While Tiff sets Kepler down and the rat gingerly touches the warm salt water (then she picks him up and throws him in), Matt stops next to her and puts his hands in his pockets. He digs his feet into the sand and rocks back on his heels. "How do you want to go about doing what we're doing later?"

"Well... If I'm sunburned, I'm going to want to get the salt off of me. Otherwise, I'd like to jump right in."

"Did you bring anything to protect yourself?"

"From what, from the sun? It wore off."

"From monsters, Tiff."

Watching Kepler decide the water fucks severely, she shakes her head. "I have a... a few homemade, like, ray guns and things at home, but I left them all in Lake Wonder. I didn't think I would be doing anything like this while I was here— I didn't think I would need them.
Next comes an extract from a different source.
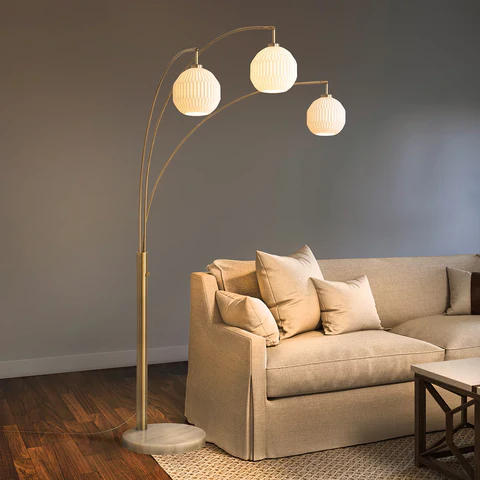 Moraga Arc Floor Lamp with Three Lights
I do have a pocketknife in my duffel, but it's one Drew got for me at a truck stop on the way here."

"That's not gonna cut it." Matt frowns. "How about, as soon as it's time to go, you head back with me and we get you something to defend yourself with?"

"If you're okay with it." Tiff realizes, with a sharp intake of breath, "I don't have my lab coat, either."
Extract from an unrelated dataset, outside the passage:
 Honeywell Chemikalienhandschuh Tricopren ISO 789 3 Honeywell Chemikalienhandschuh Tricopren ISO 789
"The hell does a lab coat have to do with this?"

"See, here's the thing. I do a lot of weird science stuff, and my mentor recommended that I turn my PPE into even more protective equipment, given that something could happen at any time and I spend most of my time doing lab work anyway, so it fits. She, uh—" Tiff winces, knowing that she shouldn't provide the further context, but also that she's going to do it anyway. "She had a medical practice where she had to take care of something between patients, and then someone stabbed her in the leg, so she... she says that she thinks it's a good idea, so my lab coat is a part of my normal monster hunting stuff— my normal one isn't white, only my costume one is white—"
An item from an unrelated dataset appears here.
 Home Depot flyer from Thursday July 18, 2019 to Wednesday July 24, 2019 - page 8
"Tiff." He raises his eyebrows. "I get it."

"I think my jacket will probably work fine."

"Alright. We can worry about armor and padding later if we need to."

"I don't think we need to."

"We might."

"We won't need it." Tiff shrugs, grins. There's the routine she wants to fall into. Something familiar. Something bickering. Something kind. It isn't the way it used to be— but maybe that's alright.